Elektronische Rechnungen
Definition
Elektronische Rechnungen sind digital übertragenen Rechnungsdaten, typischerweise in Form einer Datei, von einem Sender an einen Empfänger. Dies kann zum Beispiel eine XML-Datei per E-Mail, ein PDF-Download von einem Web-Portal aber auch ein Computerfax zwischen zwei Computern sein.
Elektronische Rechnungen sind unabhängig von der Zahlungsart, könnten also auch bar bezahlt werden.
Strukturiert vs unstrukturiert
Unstrukturierte Rechnungen sind menschenlesbar, wie beispielsweise die Bilddatei einer gescannten Papierrechnung. PDF-Dateien können zwar zusätzlich zu den Bilddaten einen Text enthalten, aber selbst in diesem Text ist die Bedeutung beispielsweise der Beträge nicht maschinenlesbar eindeutig definiert. Das bedeutet, dass PDF-Dateien mit und ohne Text grundsätzlich unstrukturiert sind: Eine Software könnte die Bedeutung eines Betrages höchstens mit einer bestimmten Wahrscheinlichkeit erraten. In der Regel macht dies mindestens eine manuelle Prüfung erforderlich.
Im Gegensatz dazu sind strukturierte elektronischen Rechnung in der Regel eine XML-Datei: XML-Rechnungen definieren Daten und Bedeutung aber typischerweise kein Layout.
Strukturierte elektronische Rechnungen sind für B2G Rechnungen in einigen Ländern bereits verpflichtend, unter anderem seit November 2020 für Nationale Behörden in Deutschland.
Hybrid vs nativ
Da das Layout nicht definiert ist müsste der Empfänger, wollte er rein strukturierte Dateien drucken, vorgeben dass beispielsweise die Gesamtsumme unten Rechts auf der Seite darzustellen sei. Es gibt viele native Formate und Versionen, die UN/CEFACT Cross Industry Invoice (Anforderungen, Schema und Referenz, “Vokabular” und Codelisten) und UBL sind nur zwei Beispiele (und es gibt eine sehr interessante Aufstellung warum sich UBL und UN/CEFACT überhaupt auseinanderentwickelt haben).

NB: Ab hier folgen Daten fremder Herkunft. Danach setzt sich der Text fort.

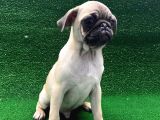 Kısa Burun Orjinal Pug Erkek Ve Dişi Yavrular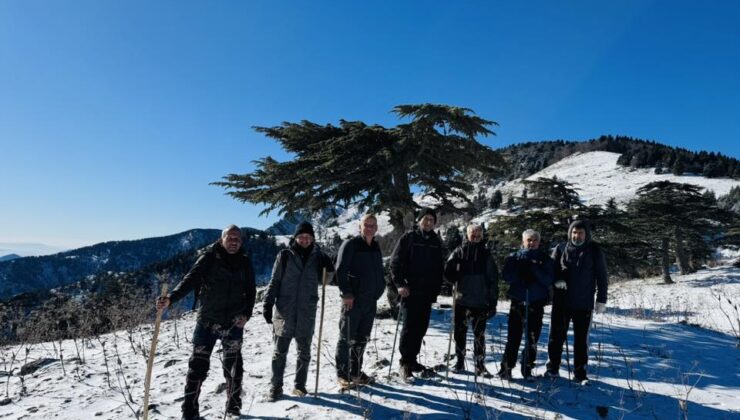 AMANOSLARA YILIN İLK KARI YAĞDI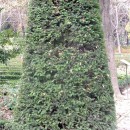 Taxus baccata-Tejo común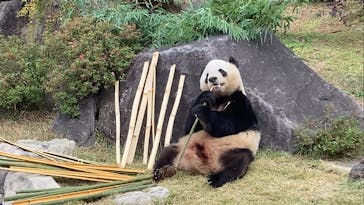 恩賜上野動物園に投稿された画像（2025/11/23）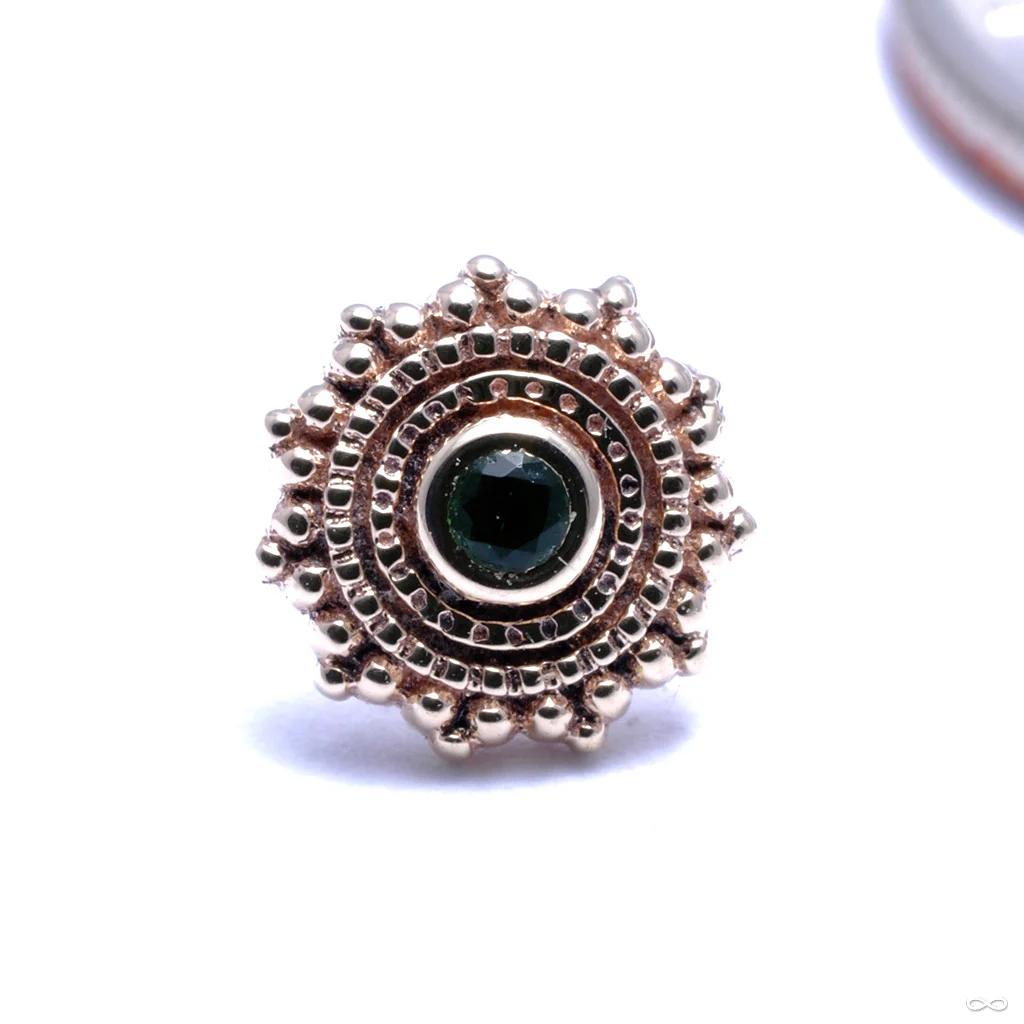 Afghan Press-fit End in Gold from BVLA - Image 16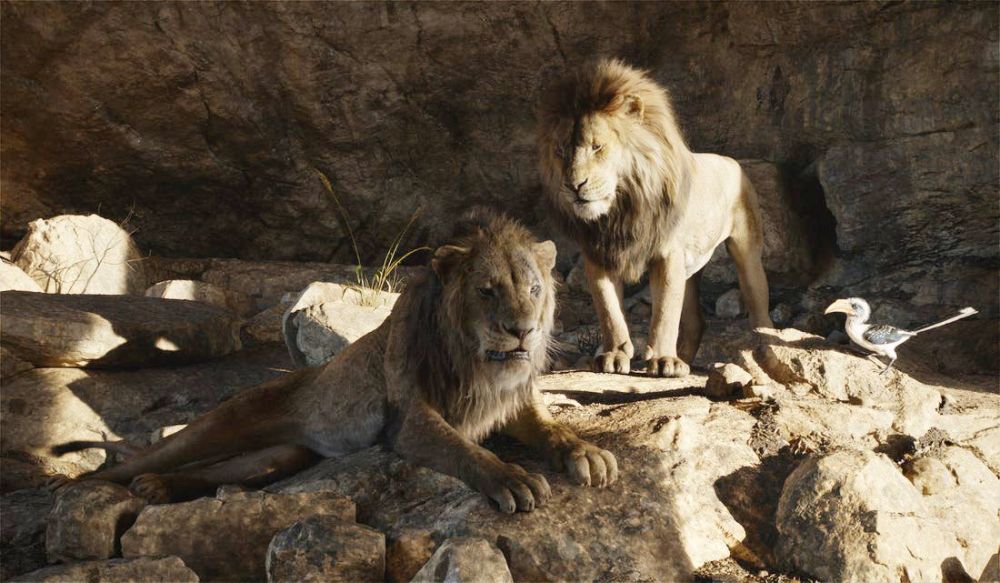 辟谣:雌狮才是狮群的主导者,雄狮也很少单独行动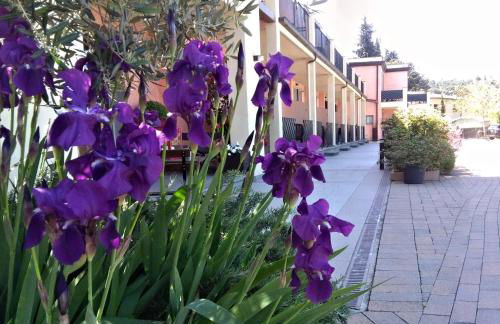 Residence Fiesole - Foto 33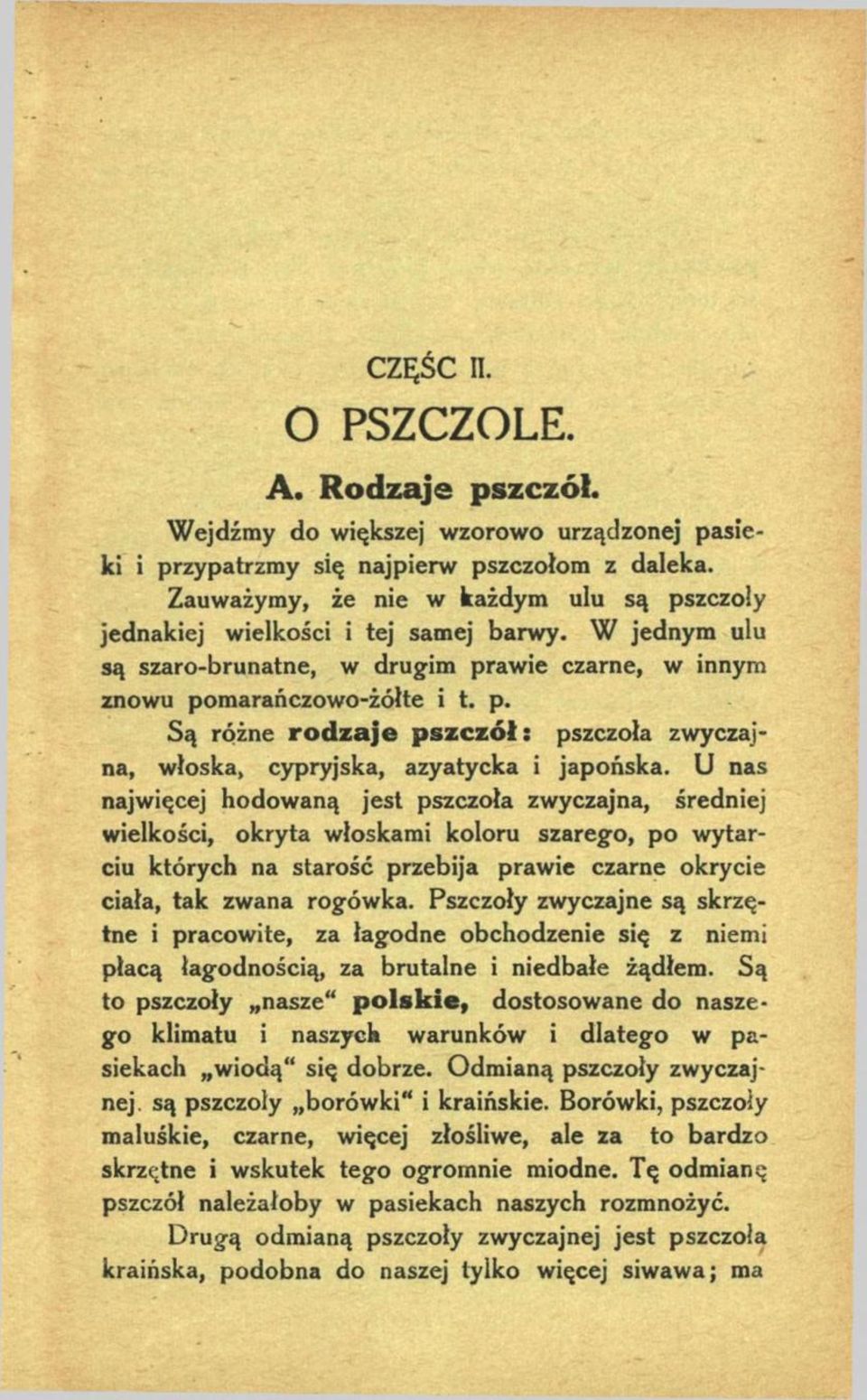 U nas najwięcej hodowaną jest pszczoła zwyczajna, średniej wielkości, okryta włoskami koloru szarego, po wytarciu których na starość przebija prawie czarne okrycie ciała, tak zwana rogówka.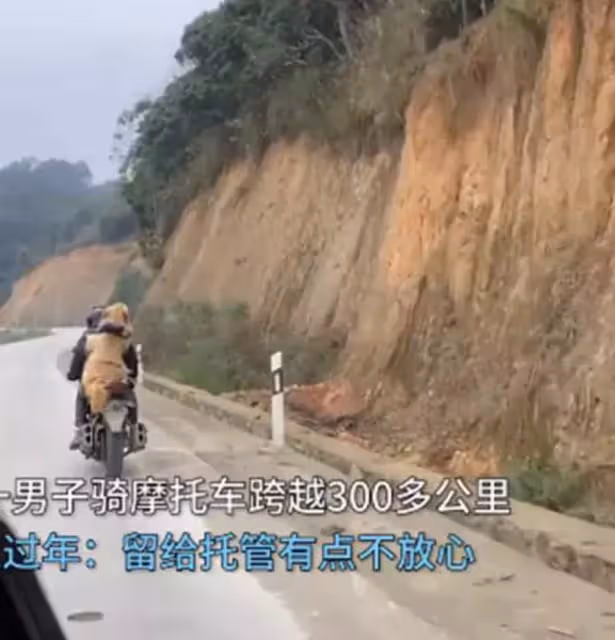 男子騎摩托跨越300多公里，帶金毛回家過年：留給託管有些不放心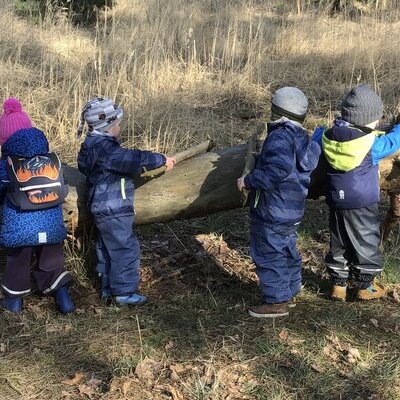 4 Kinder spielen am umgefallenen Baum. 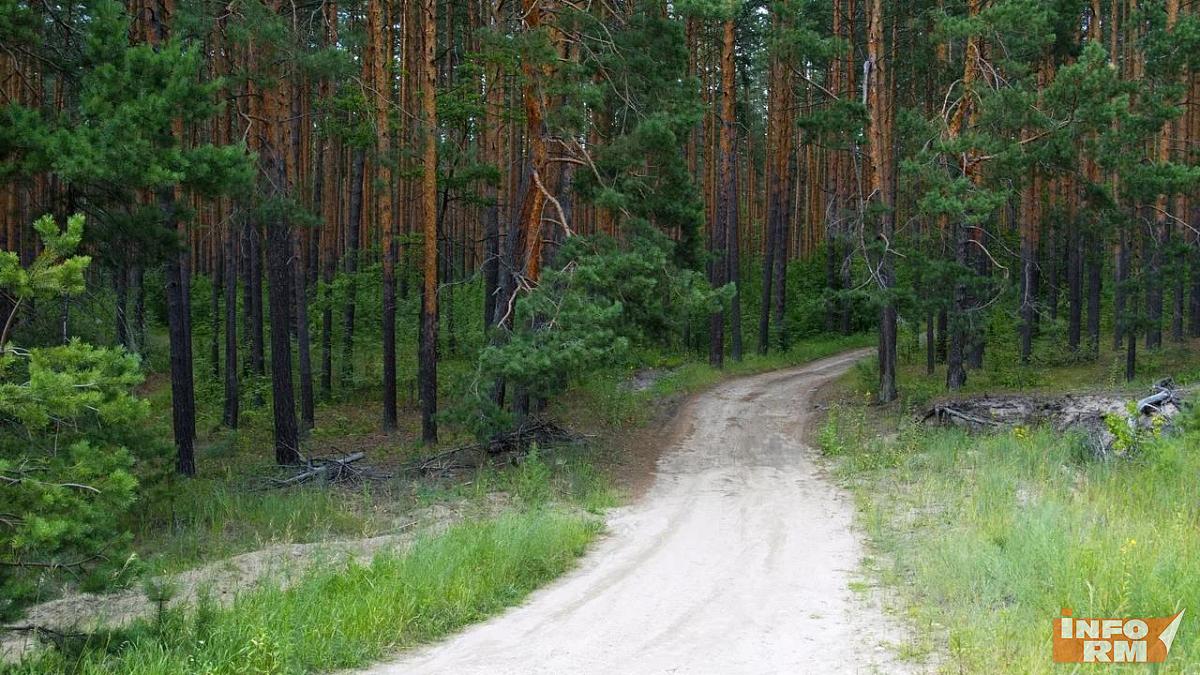 В сентябре в России вступит в силу новый закон о лесных дорогах В сентябре в России вступит в силу новый закон о лесных дорогах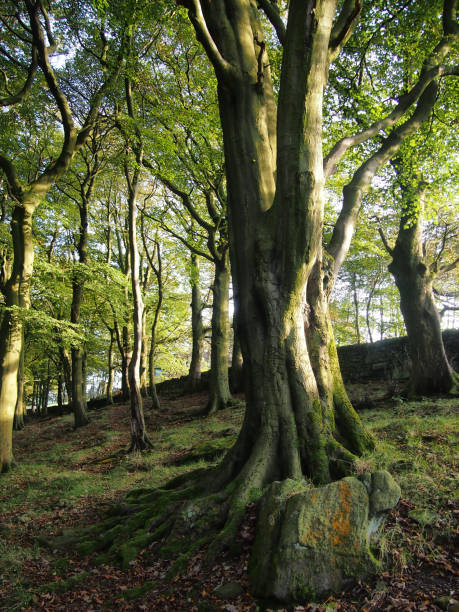 istock ancient beech trees in woodland forest on pennine hillside with rocks and moss in spring 1088165130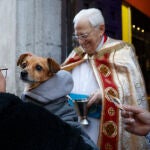 Tradicional bendición a las mascotas en la fiesta del patrón de los animales, desde las 10 a las 20 horas en la iglesia de San Antón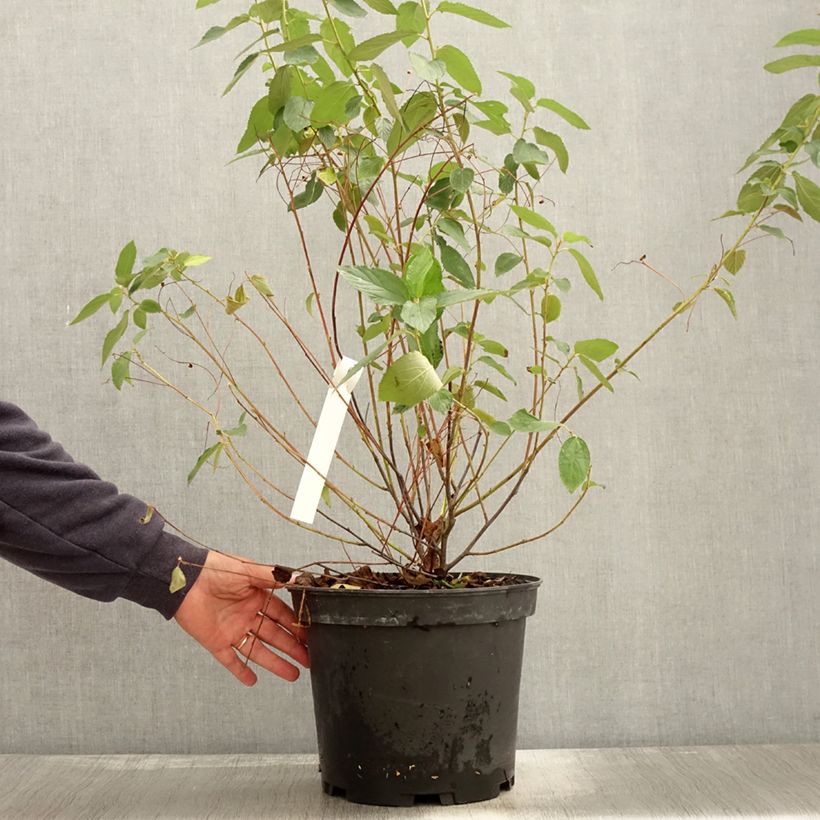 Ejemplar de Ceanoto Gloire de Versailles Maceta 7,5L/10L entregado en otoño
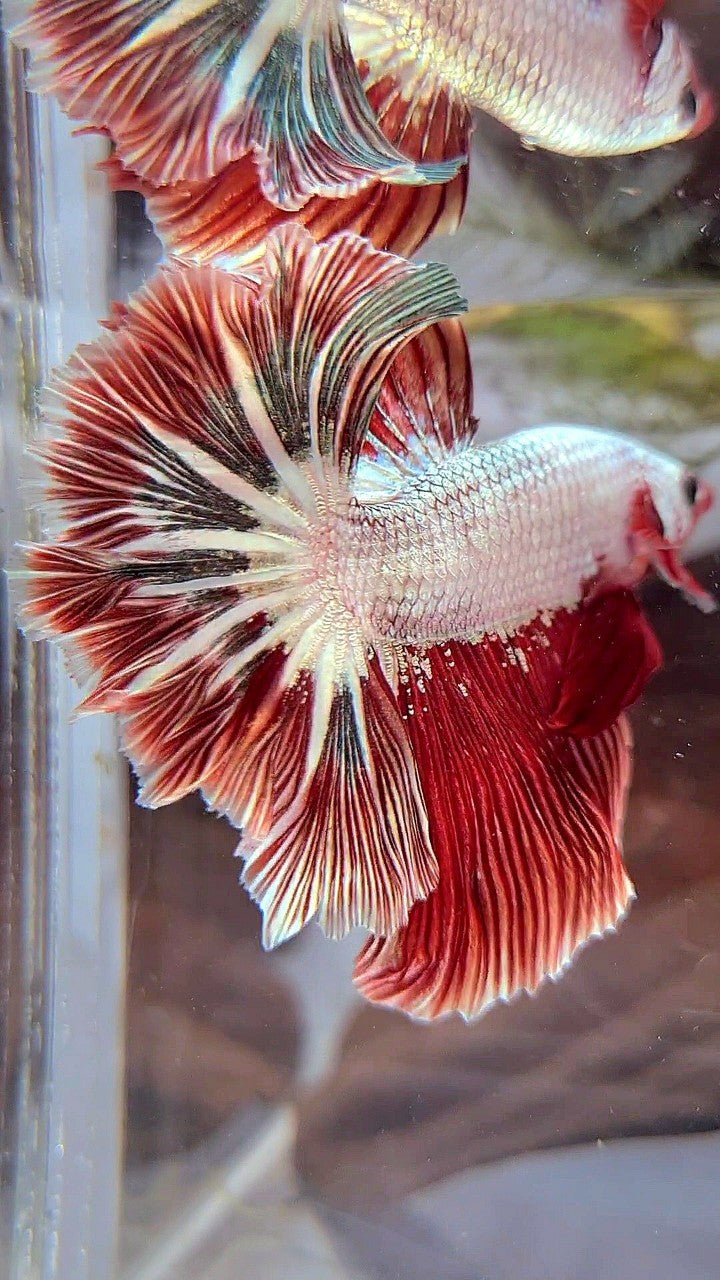 HALFMOON ROSETAIL RED COPPER RIM DRAGON BETTA FISH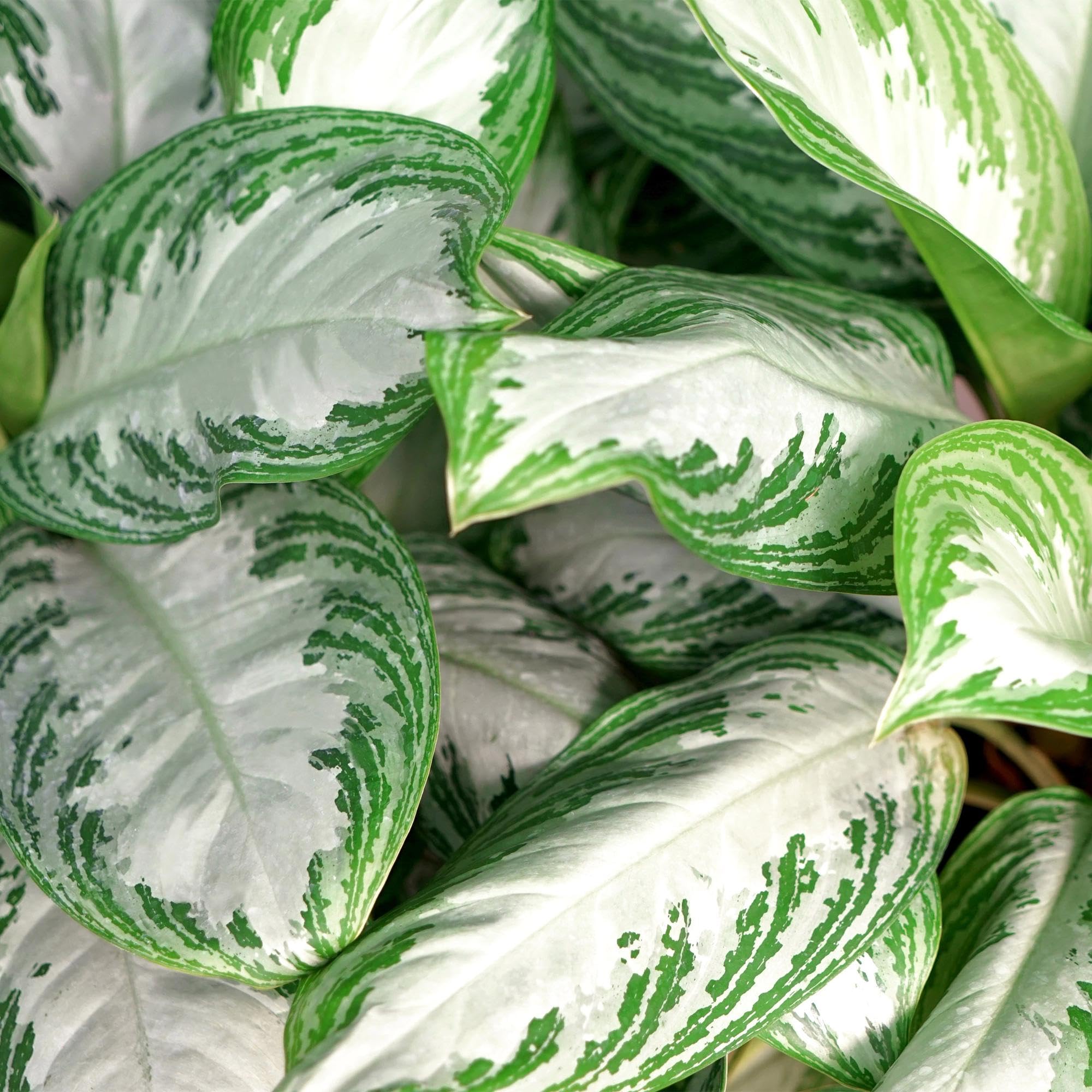 Aglaonema Silver Bay – 17cm – Höhe 70-75cm – Pflegeleichte silber – grüne Zimmerpflanze mit dekorativem Blattmuster für Wohnräume und Büro 1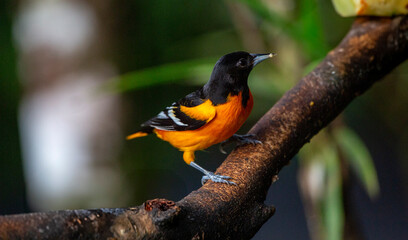 Baltimore oriole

Die Lesefähigkeit für strukturierte Rechnungen kann in Programme integriert sein. So muss derzeit jede verarbeitende Software das jeweilige Format verstehen und dem Nutzer präsentieren können: Sie können die mathematische Korrektheit dann zwar automatisch nachrechnen aber ob das auch so bestellt war und geliefert wurde ist typischerweise noch ein manueller Schritt.
Hybride e-Rechnungen definieren sowohl Struktur als auch Layout. Factur-X/ZUGFeRD definiert das Layout beispielsweise in einer konventionellen PDF-Datei und kann mit jedem PDF-Anzeigeprogramm gelesen werden. Die Daten (welcher Betrag ist welcher Steuerbetrag und so weiter) ist zusätzlich in einer XML-Datei definiert die in die PDF-Datei eingebettet ist.
Aufgrund der weitverbreiteten PDF-Lesesoftware können viele Empfänger die Rechnungen wie üblich “manuell” nutzen (i.e. bezahlen). Die Informationen im XML-Teil können automatisch herangezogen werden, wenn die Software des Nutzers Factur-X/ZUGFeRD versteht.
Das FeRD hat Richtlinien für den Gebrauch elektronischer Rechnungen veröffentlicht. E.ON Energie Deutschland GmbH hat einen sehr einfachen (deutschen) Erklärfilm für hybride E-Rechnungen veröffentlicht:
Nutzen
- Magische Scans (nur hybride Rechnungen)
- Scandienstleister können zusätzlich zur Texterkennung eine Rechnungserkennung anbieten und die Ergebnisse in einer Datei liefern.
- Procure-To-Pay (hybride und native Rechnungen)
- Wenn Firmen ERP-Systeme nutzen und darin
- Bestellungen erfassen und ihren
- Wareneingang verbuchen können
- ZUGFeRD-Rechnungen automatisch bezahlt und dunkel verbucht werden
Die Rechnungen können dabei automatisch den Bestellungen zugeordnet werden.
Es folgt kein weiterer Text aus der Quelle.